We have a three node elasticsearch cluster running on a kubernetes 1.6.4 cluster. We have spanned a dedicated AWS r4.large only for the 3 elasticsearch containers.
We are experiencing many issues with this setup.
We randomly get the below errors and the cluster nodes will restart and then the es cluster will go into an unusable state.
[2017-06-16T13:19:46,176][ERROR][o.e.a.b.TransportBulkAction] [elasticsearch-logging-0] failed to execute pipeline for a bulk request org.elasticsearch.common.util.concurrent.EsRejectedExecutionException: rejected execution of org.elasticsearch.ingest.PipelineExecutionService$2@22924ec0 on EsThreadPoolExecutor[bulk, queue capacity = 200, org.elasticsearch.common.util.concurrent.EsThreadPoolExecutor@adc82c9[Running, pool size = 2, active threads = 2, queued tasks = 265, completed tasks = 1450]] at org.elasticsearch.common.util.concurrent.EsAbortPolicy.rejectedExecution(EsAbortPolicy.java:50) ~[elasticsearch-5.4.1.jar:5.4.1] at java.util.concurrent.ThreadPoolExecutor.reject(ThreadPoolExecutor.java:823) ~[?:1.8.0_131] at java.util.concurrent.ThreadPoolExecutor.execute(ThreadPoolExecutor.java:1369) ~[?:1.8.0_131] at org.elasticsearch.common.util.concurrent.EsThreadPoolExecutor.doExecute(EsThreadPoolExecutor.java:94) ~[elasticsearch-5.4.1.jar:5.4.1] at org.elasticsearch.common.util.concurrent.EsThreadPoolExecutor.execute(EsThreadPoolExecutor.java:89) ~[elasticsearch-5.4.1.jar:5.4.1] at org.elasticsearch.ingest.PipelineExecutionService.executeBulkRequest(PipelineExecutionService.java:74) ~[elasticsearch-5.4.1.jar:5.4.1] at org.elasticsearch.action.bulk.TransportBulkAction.processBulkIndexIngestRequest(TransportBulkAction.java:508) ~[elasticsearch-5.4.1.jar:5.4.1] at org.elasticsearch.action.bulk.TransportBulkAction.doExecute(TransportBulkAction.java:136) ~[elasticsearch-5.4.1.jar:5.4.1] at org.elasticsearch.action.bulk.TransportBulkAction.doExecute(TransportBulkAction.java:85) ~[elasticsearch-5.4.1.jar:5.4.1] at org.elasticsearch.action.support.TransportAction$RequestFilterChain.proceed(TransportAction.java:170) ~[elasticsearch-5.4.1.jar:5.4.1] at org.elasticsearch.xpack.security.action.filter.SecurityActionFilter.apply(SecurityActionFilter.java:149) ~[?:?]
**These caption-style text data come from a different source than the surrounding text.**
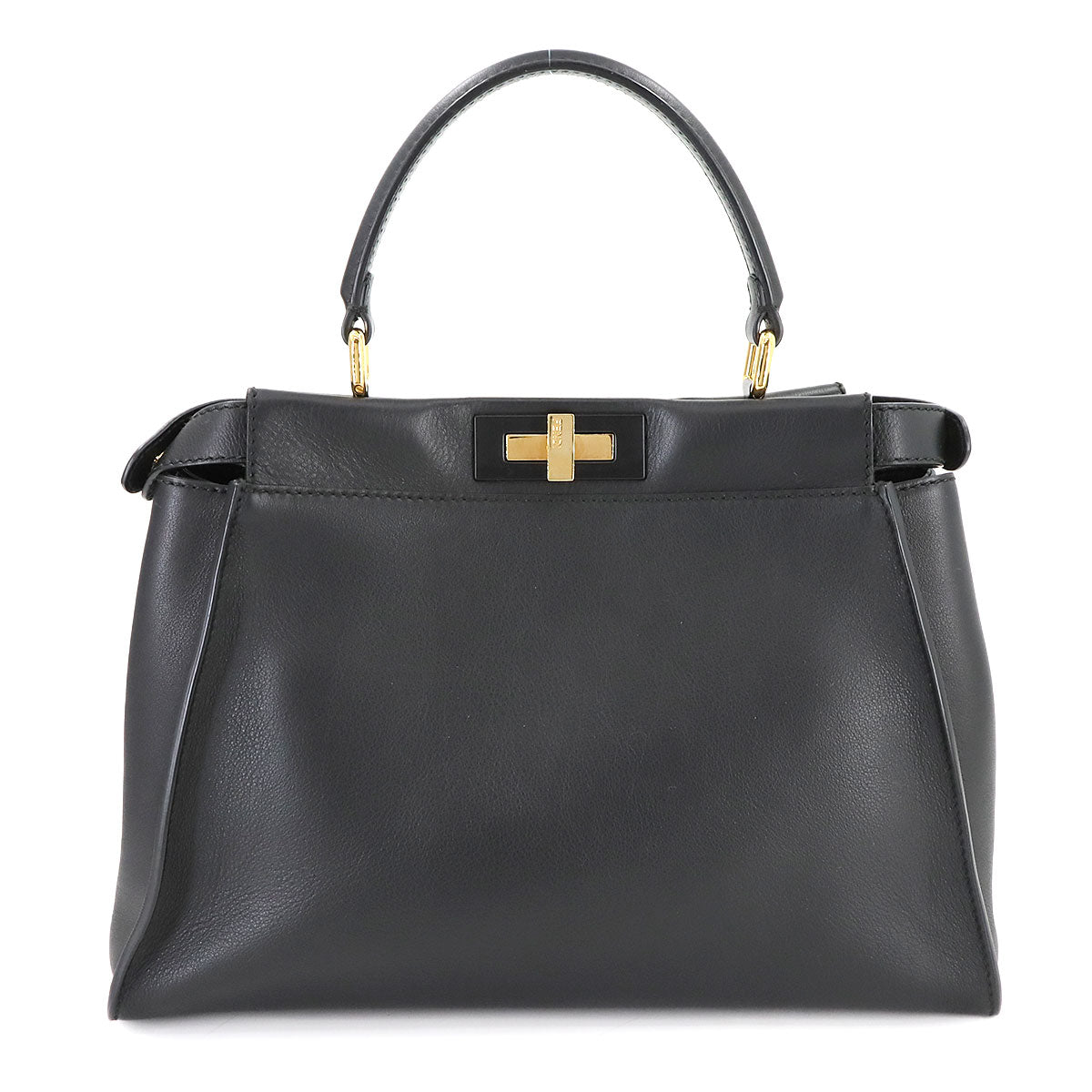 Peekaboo Regular Hand Shoulder Bag Leather Nero 8BN290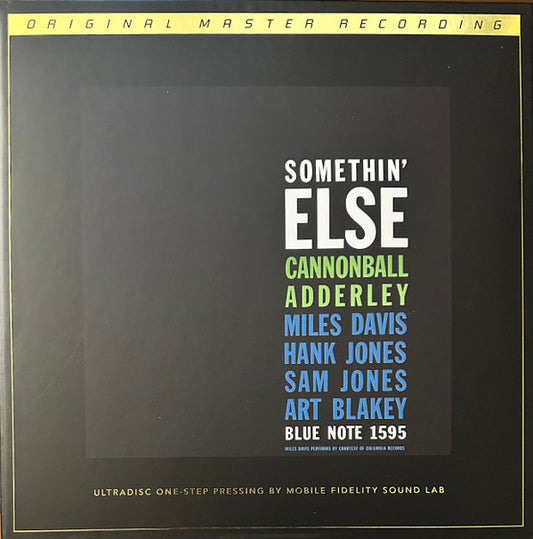 Cannonball Adderley : Somethin' Else (2xLP, Album, Ltd, Num, RE, RM, 180)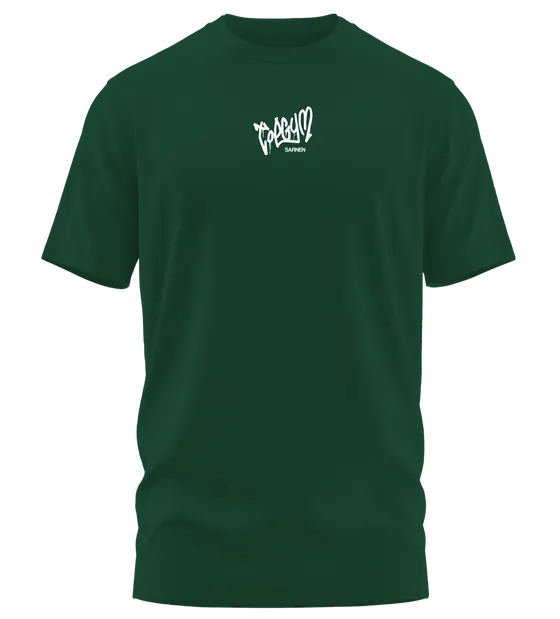 Graffiti T-Shirt, Waldgrün, Vorderseite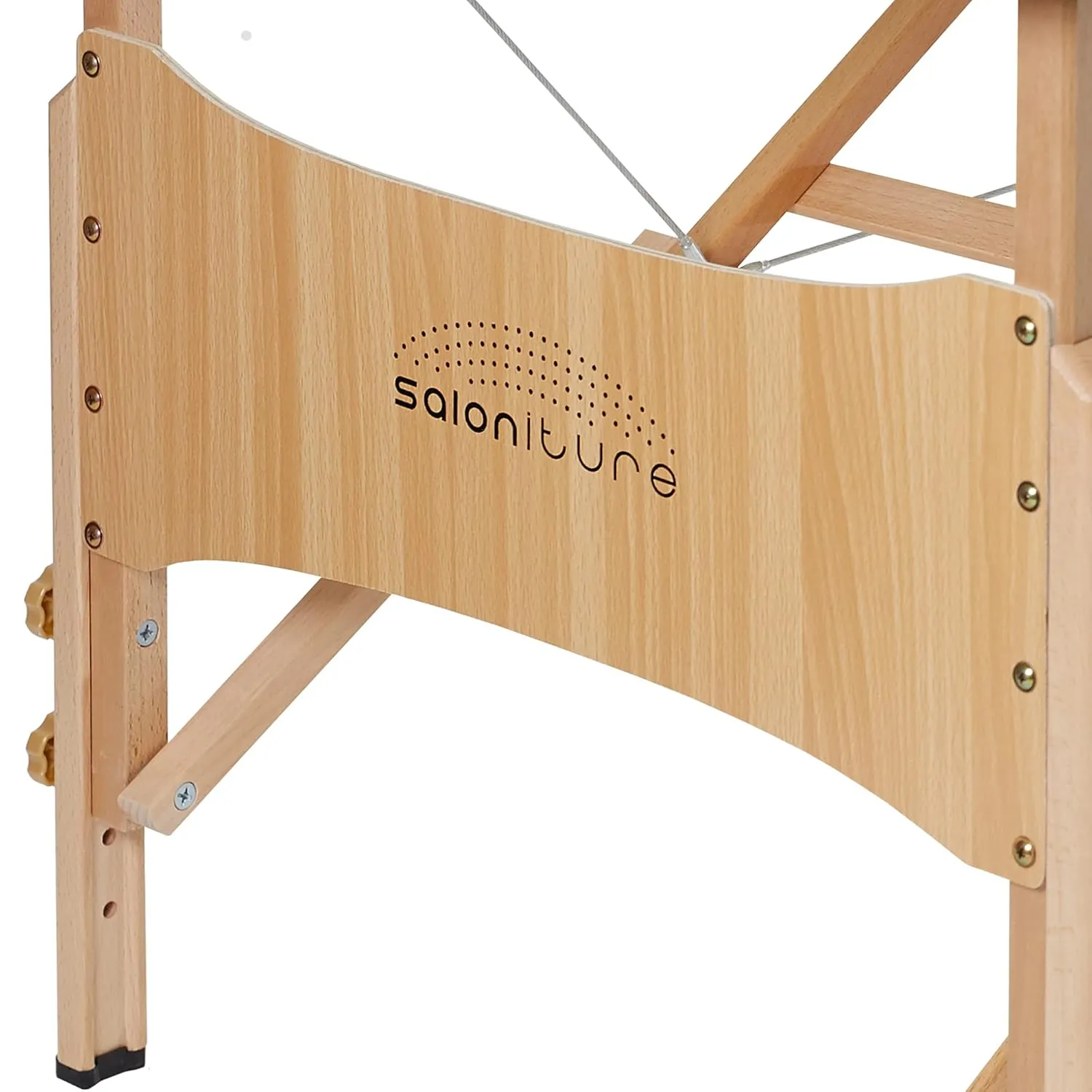 Saloniture Basic Portable Folding Massage Table - Blue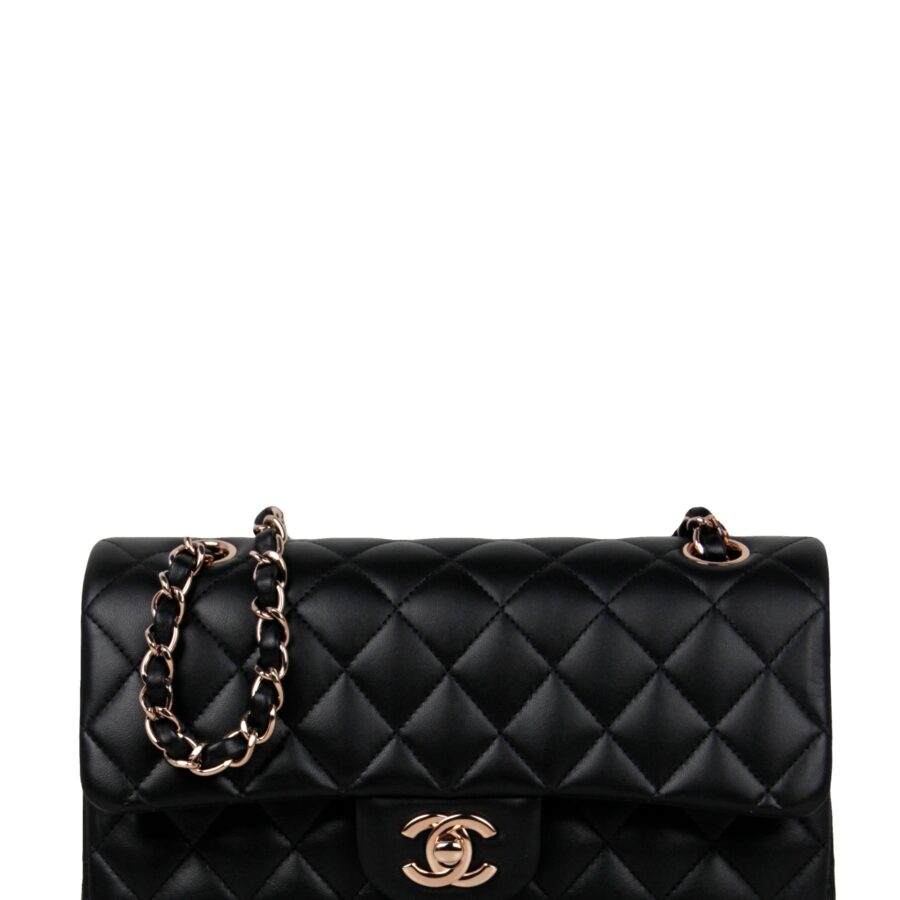 Chanel handbag black – front view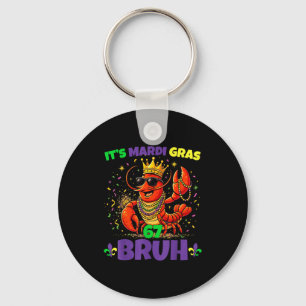 Mardi gras 67 bruh crayfish six seven meme crawfis key ring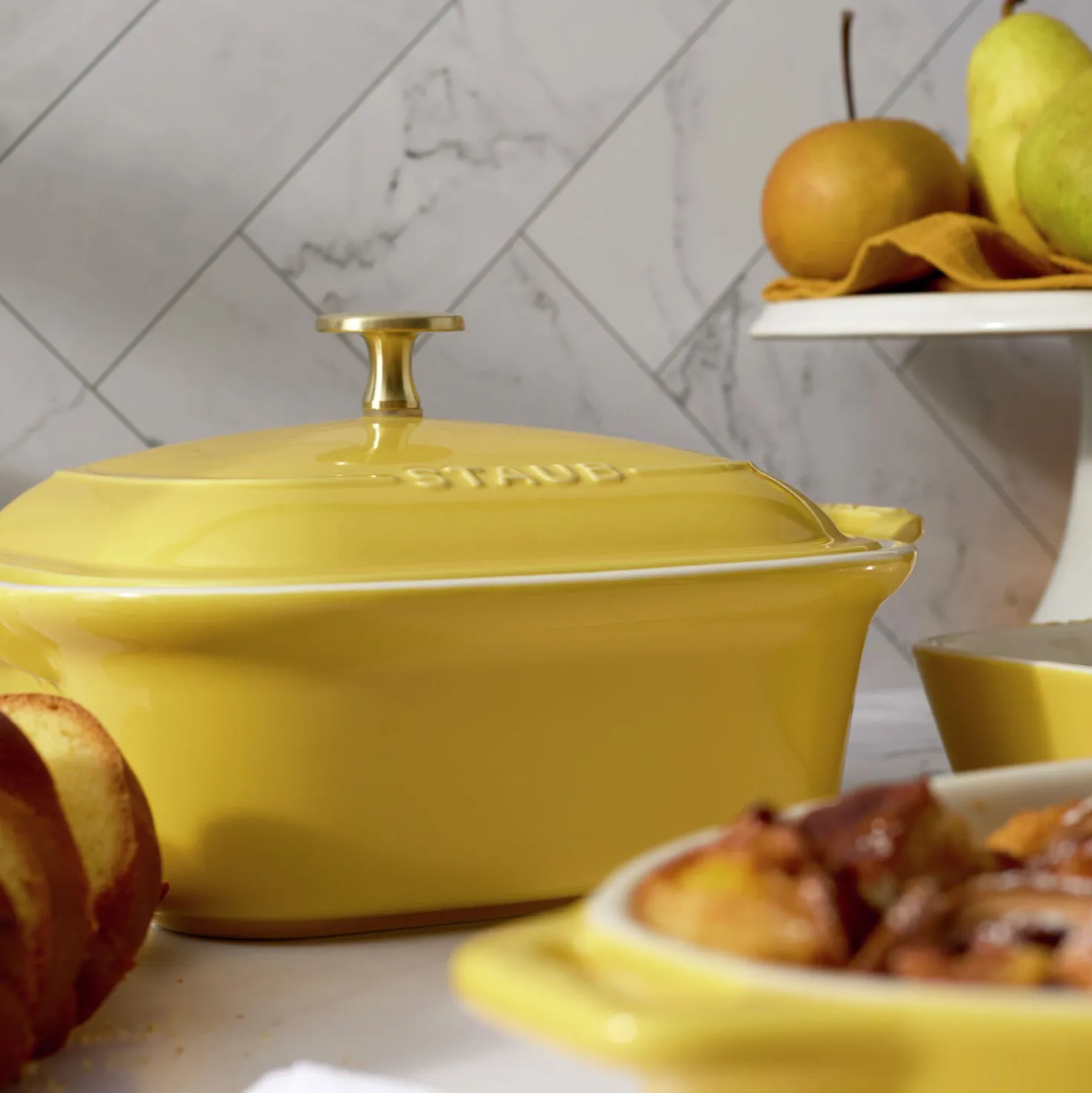 4-pc, Mixed Baking Dish Set, citron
Can anyone help in fixing this up?
PS.
During these errors CPU usage is high on each nodes and as a result the nodes are getting restarted, after which the cluster will never stabilize (some data shards check I guess) and the nodes will keep on restarting. We are using fluentd to push kubernetes container logs to elasticsearch. We are facing this issue for a long time. Once the cluster is up and running it will run forever without any issues until a node gets restarted.